著者岡潔はごぞんじでしょうか?
私は小林秀雄との対談集『人間の建設』で初めて知りました。

簡単に言うと『多変数解析函数論』という分野で3つもの問題を解決し、欧米では『岡潔とはグループ名なんじゃないか?』と思われていた程、知性にキレのあった大数学者であります。

こんな人物を知らなかったとは何とも恐れ多いことであります。

さて、彼の著作『春宵十話』なんとなくフォトリーディングで読み終えました。

数学の本質とは何かと問われれば、『真の中の調和』であると説く彼のエッセイ集である。

論理的学問、左脳の代表格ともいえる数学が彼に言わせれば『情緒』であるという。

最近の教育では黒板に色とりどりに描き分けられた数式を叩きこまれるが、それでは数学はわからない。

教える側もそれがわかっていないから本質的な数学を教えられていないと言う。

確かに計算問題は必要だろう。

情緒に関して芸術と数学との密接な関わりを挙げながら、直感を磨くこと、頭を休める事の重要性を教えてくれる。
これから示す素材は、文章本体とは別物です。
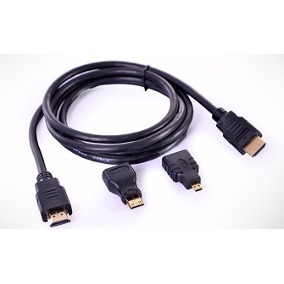 Cable Hdmi 3 En 1 Con Adaptadores A Micro Hdmi Y Mini Hdmi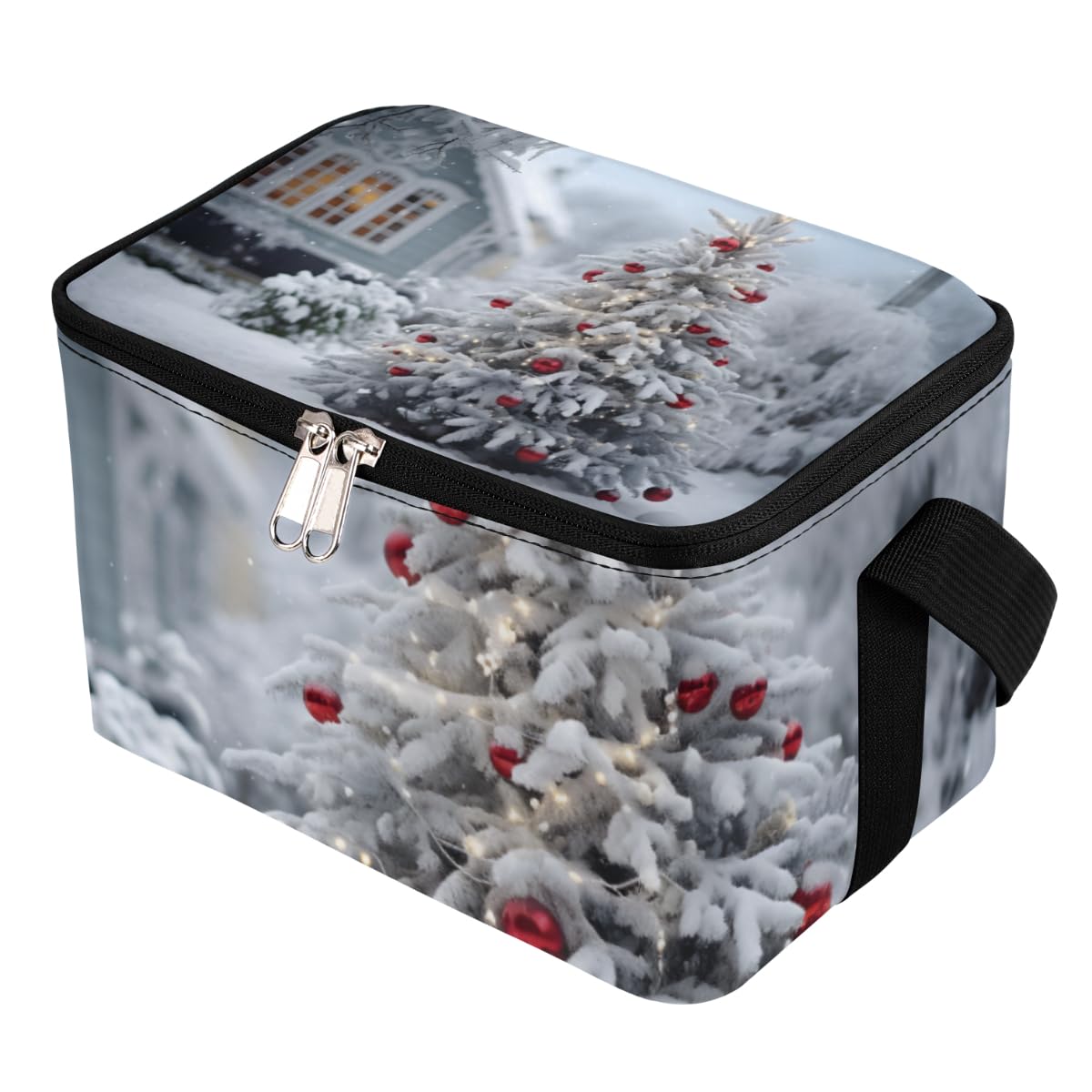 GzLeyigou Lunch Bags for Women Men 9 Cans,Snow Christmas Tree Hot & Cold Food Delivery Bag Insulated Grocery Bag Insulated Lunch Box Cooler Bag for Office Work Picnic Beach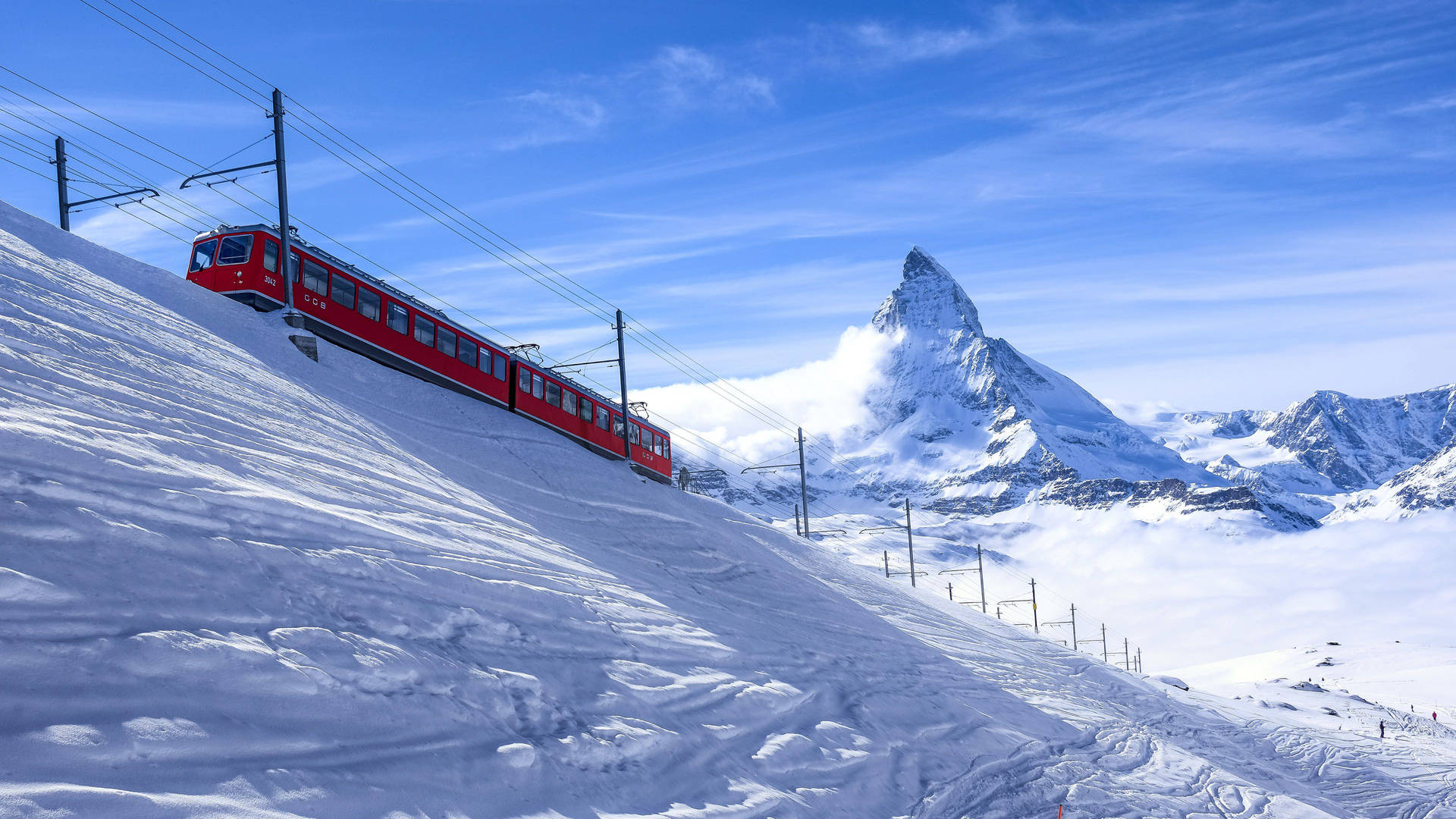 Train Swiss Alps Winter Landscape Background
彼は人から『なぜ数学を学んでいるのですか?』と聞かれたときにこう答えるという。

『スミレはスミレの花をただ咲かせようと思っているだけだ。そこに良いも悪いもスミレにとってはどうでもいいことであって、スミレにしてみれば、花を咲かせているのといないのとではおのずから違うと言うだけの事だ』とか言う感じの答え方をしているという。


日本人が絶滅の危険性があると心配している彼に今の日本は少しは応えられているだろうか?

たぶん、どんどん悪くなっているような気がする。

情緒と情操、数学と芸術、日本と自分。

また考える事が増えてしまった。